80-latka, zdaniem policji, zorganizowała napad rabunkowy na 29-latka. Razem z o ponad połowę młodszymi kolegami i koleżanką wtargnęła do jego mieszkania. Mężczyzna został ciężko pobity, napastnicy zabrali pieniądze. - 80-latka nie tylko zaplanowała napad, ale też aktywnie brała w nim udział, bijąc poszkodowanego - podkreślają policjanci.
W poniedziałek nad ranem na osiedlu w Bielsku-Białej doszło do napadu, którego mózgiem okazała się 80-letnia kobieta.
- To ona miała informację, że znajomy jej 29-latek ma pieniądze z pożyczki - mówi Elwira Jurasz, rzeczniczka policji w Bielsku-Białej.
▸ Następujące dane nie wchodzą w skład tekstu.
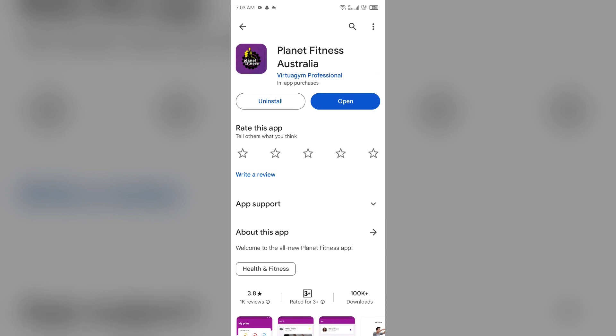...you will see an Update button next to the app. Tap on it to update the app to the latest version. Once updated, launch the app again.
I to 80-latka miała namówić do napadu na mężczyznę: 32-koleżankę oraz kolegów w wieku 30 i 38 lat.
Wreszcie - staruszka sama wzięła udział w napadzie. - I ona też biła 29-latka - dodaje Jurasz.
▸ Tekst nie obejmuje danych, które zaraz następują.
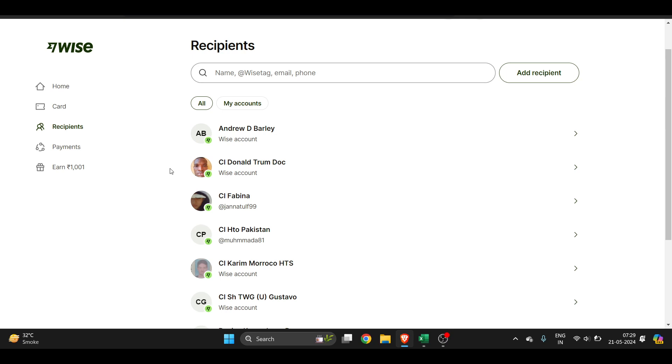Hello everyone, in this video I'm going to show you how to transfer Wise money to a bank account. First of all, you have to go to the Wise website. This is basically TransferWise, and here you...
Dotąd nie karana, grozi jej 12 lat za kratami
Napastnicy wyposażyli się w wiertarkę. Rozwiercili zamki w drzwiach 29-latka i wtargnęli do środka. Mężczyzna był w mieszkaniu. Został dotkliwie pobity i okradziony - zabrano mu ponad 5 tys. zł.
Napastnicy zostali zatrzymani chwilę później.
Śledczy ustalają szczegóły rozboju. Zatrzymanym grozi po 12 lat więzienia.
80-latka dotąd nie była karana, przeciwnie. - To ona wzywała policję na interwencje do swoich sąsiadów i rodziny - mówi Jurasz.